Her Shield weave slipped into place and the icebound ecstasy of saidin winked out. Not that Lenovire cared any more. The world reeled around and he ended up lying on his back, vomiting hard through his mouth and nose. The illness overwhelmed him.

"By the creator and all that is Light, what have they done to you father?" The Aes Sedai was there, cradling him and lifting his head. She still sounded haughty, but more tired and sad.

Strange how the Aes Sedai now wore Lenala's face...

How could this be? The world pivoted in a reverberating mess of shadow and light. Lenala's face, the face of a laughing child, baby-fat burned off into the form of a distinguished woman. It was a face close to ageless, but also that of his daughter somehow.

"Where are the other Aes Sedai...? The Aiel..." Lenovire mumbled in disbelief. "Why is It laughing at me?"

"There are no other Aes Sedai. There are no Aiel. Oh father..." Lenala said to him, rocking him and cleaning the vomit away from his mouth with her ruined dress. "Father, no one's laughing."

"Is that you, Lenovire?" another voice asked, shaken and rough with tears.

The blood soaked Aiel managed to crawl from where she had fallen. No shoufa around her head. No cadin'sor; only a farm wife's dress.

Ardri.

The name slipped out of his mouth without him realizing he had said it.

"Lenala, I don't understand what happened to Hoften. Why is there so much blood? Did Lenovire...?"

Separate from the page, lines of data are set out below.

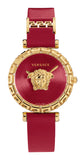 Versace Palazzo Empire Greca Red Dial Red Leather Strap Watch for Women - VEDV00319 Buy Now By Versace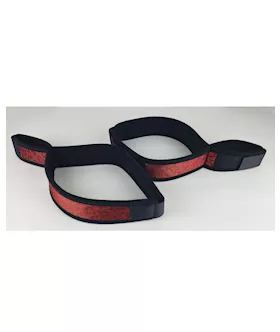 Spartacus Wrist To Thigh Cuffs - Neoprene Red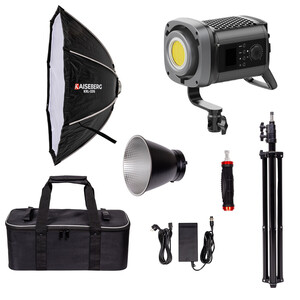 Kaiseberg - Kaiseberg KS-200B AIR Led KRL-120s Parabolik Softbox - Kit 1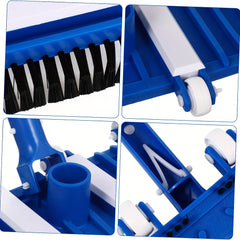 14 Inch Weighted Pool Vacuum Head w/ Side Brushes for Above/Inground Pool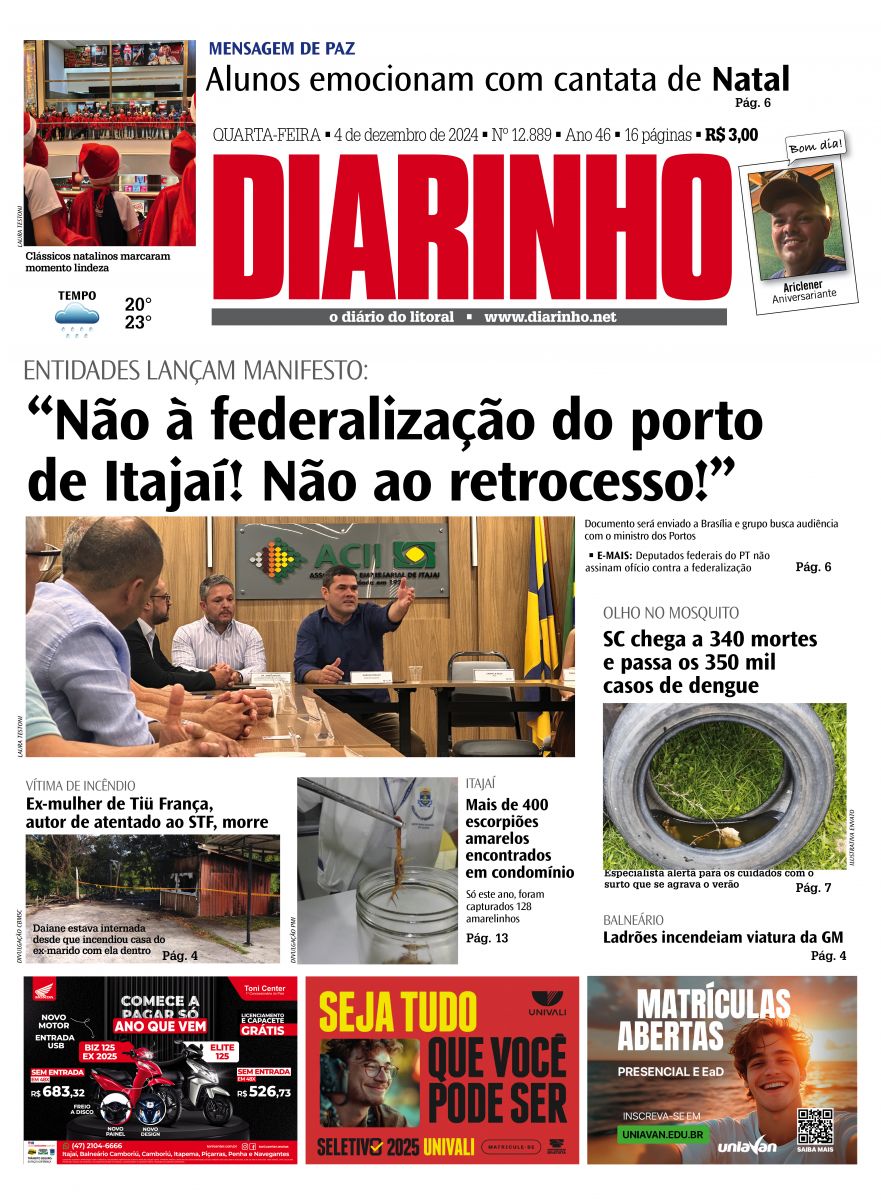 Confira a capa de hoje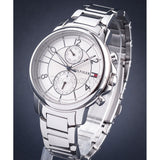 Tommy Hilfiger Claudia White Dial Silver Steel Strap Watch for Women - 1781819 Authentic Buy Shop Now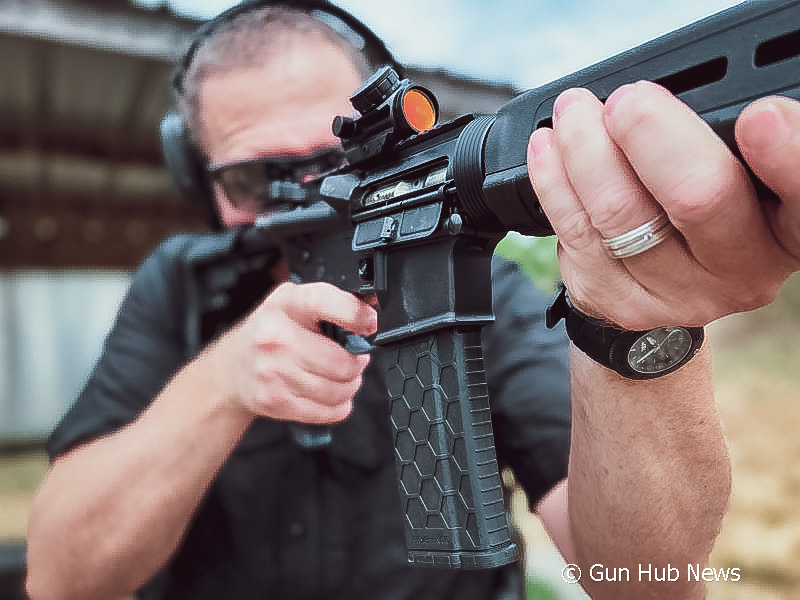 Hex mags for AR-15 rifles.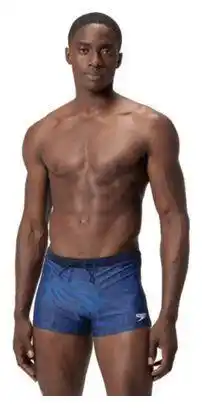 Decathlon 1863 Heren Zwembroek Boxer Eco Valmiton - Zwart/Blauw aanbieding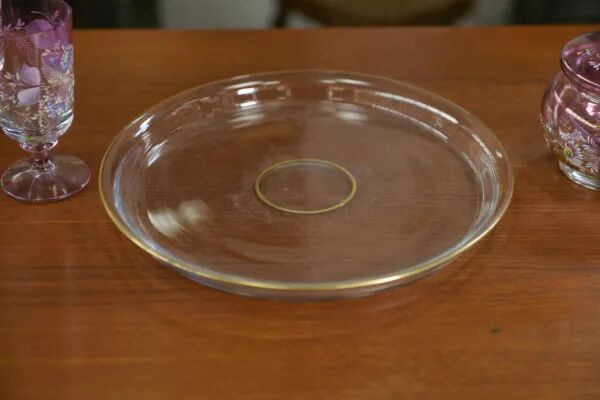 Set of pink blown glass carafes and glasses, 1950s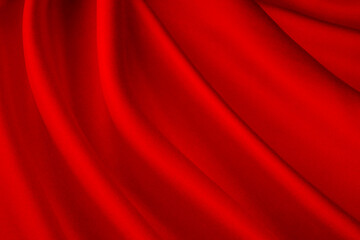 シルクのドレープ　赤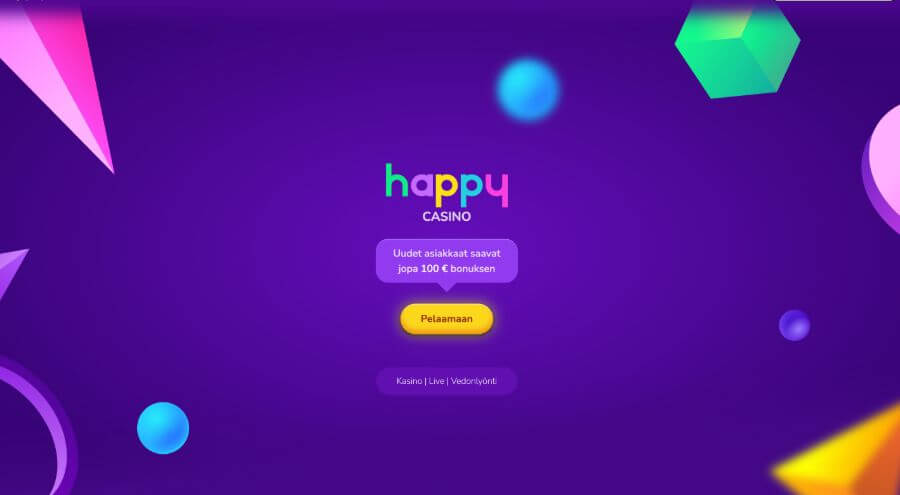 Happy Casino etusivu
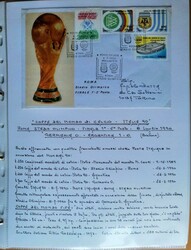 TEMATICA CALCIO - Collezione Italia '90 con francobolli e annulli ben ...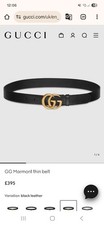 Black Gucci GG Leather Belt
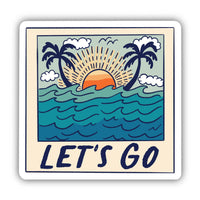 Let's Go Tropical Travel Sticker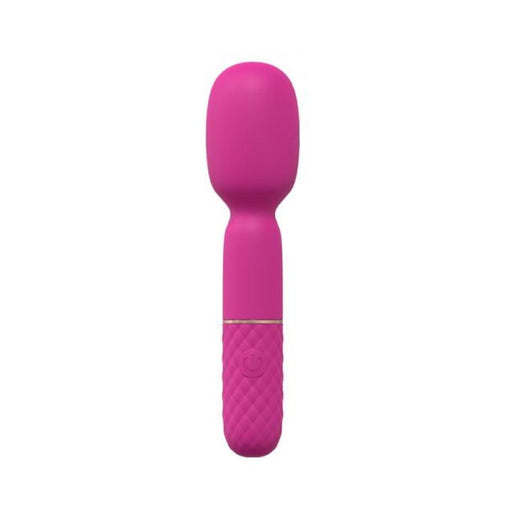 Loveline Bella 10 Speed Vibrating Mini-wand Silicone Rechargeable Waterproof Pink - SexToy.com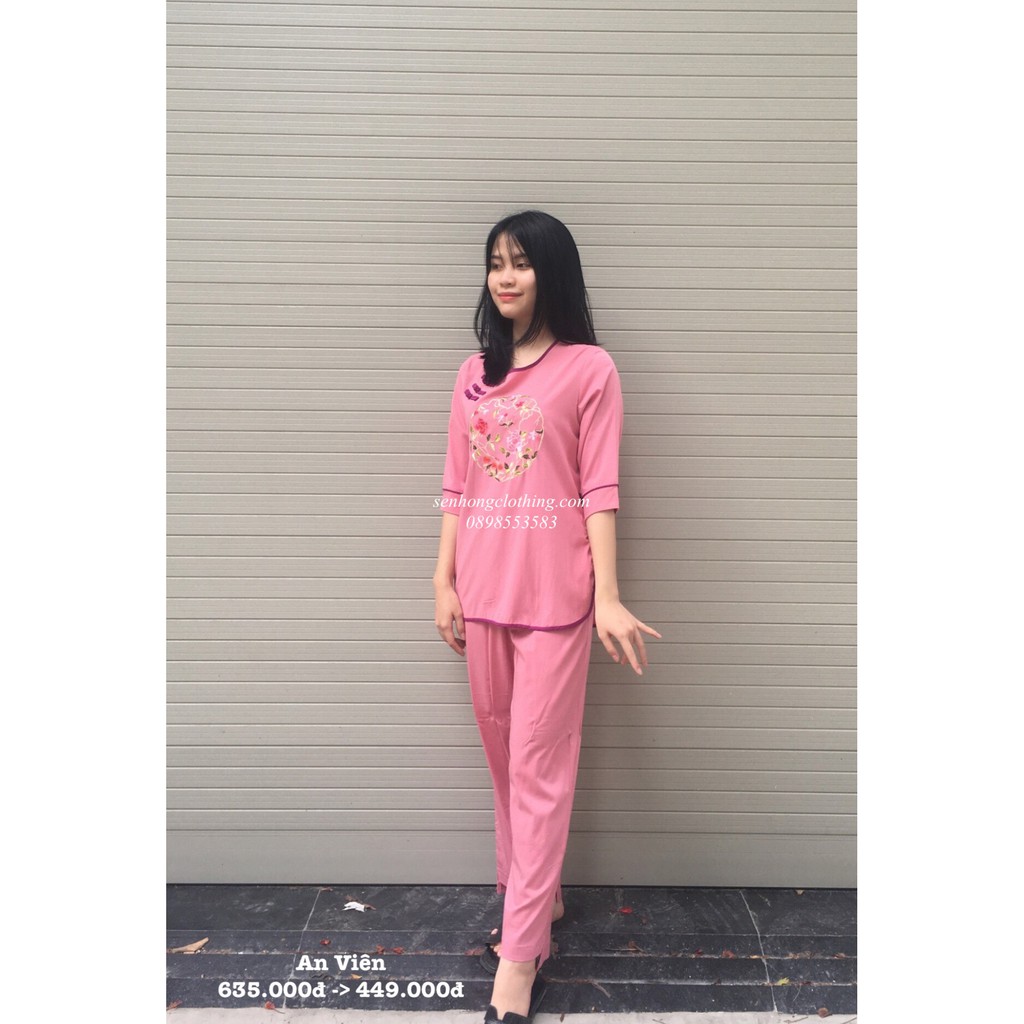 XẢ LỖ Bộ pháp phục nữ - quần áo phật tử vải cotton thun siêu mềm thoáng mát co giãn tốt - bộ đi lễ thiết kế An Viên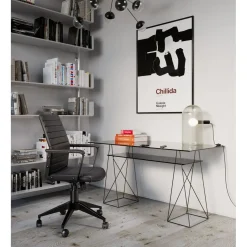 Chaise De Bureau Labora Dossier Bas Noir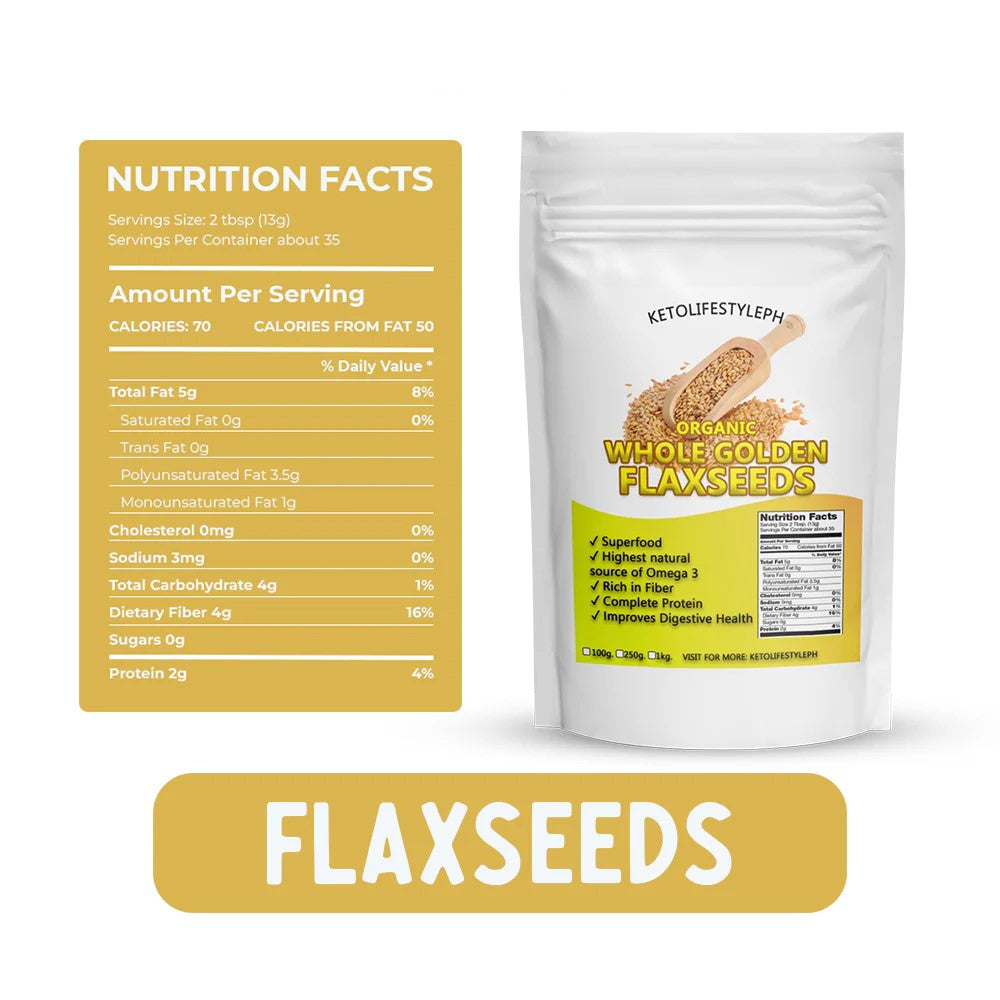 Organic Whole Golden Flaxseeds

She looked as beautiful as the day they met. Her hair was still very black, despite the wrinkles on her face which had deepened and matured her without diminishing her. Her bright brown eyes remained as sharp. He fell in love with her all over again. He was speechless.

"The..." Lenala struggled for words, "...the Taint killed Hoften, mother. Father didn't know what he was doing."

"I killed him," Lenovire volunteered stupidly.

"No father," the Aes Sedai said in exaggerated gentleness.

"I- I don't understand," Ardri said, struggling not to break down into stunned tears. "I don't know what happened. It happened so quickly. I don't understand," She fingered Lenovire's poorly kept black jacket, "Is he really... one of... them?"

The shadows, the teeth and molesting touches pushed back away from Ardri's face. It yielded faintly and the laughter stopped for a moment. Lenovire breathed in and summoned his remaining strength. Without saidin to brace him, the illness had robbed him of everything.

He raised his hand. She seemed to glow. He remembered the world of her. He remembered her shape with his every breath and dreamt of it. Her scent flooded his inhalation. The sorrow in her warm eyes was unmistakable. He stretched out, reaching toward the image he pursued the length of Andor. Her skin felt so smooth to the backs of his calloused fingers. Her tears were wet on his knuckles. Her careworn hands danced up to clasp his fingers.

Lenovire lifted the glass phial and gently slipped it into her grasp, "Ardri, I'm sorry. I have to go now."

"I don't understand," she said again, crying. She understood. He knew she understood. They had been together an eternity and made this darling daughter of his; he knew she understood.

He drew her down for that final kiss. Her lips seemed as soft as they ever had, from their wedding day and night. From every day since, every fierce kiss, remembered itself in the touch of that instant. Every night and every morning. Every moment of pleasure or quiet contemplation.

The laughter had finally stopped. It became silent.

"I love you Lenala. I love you Ardri."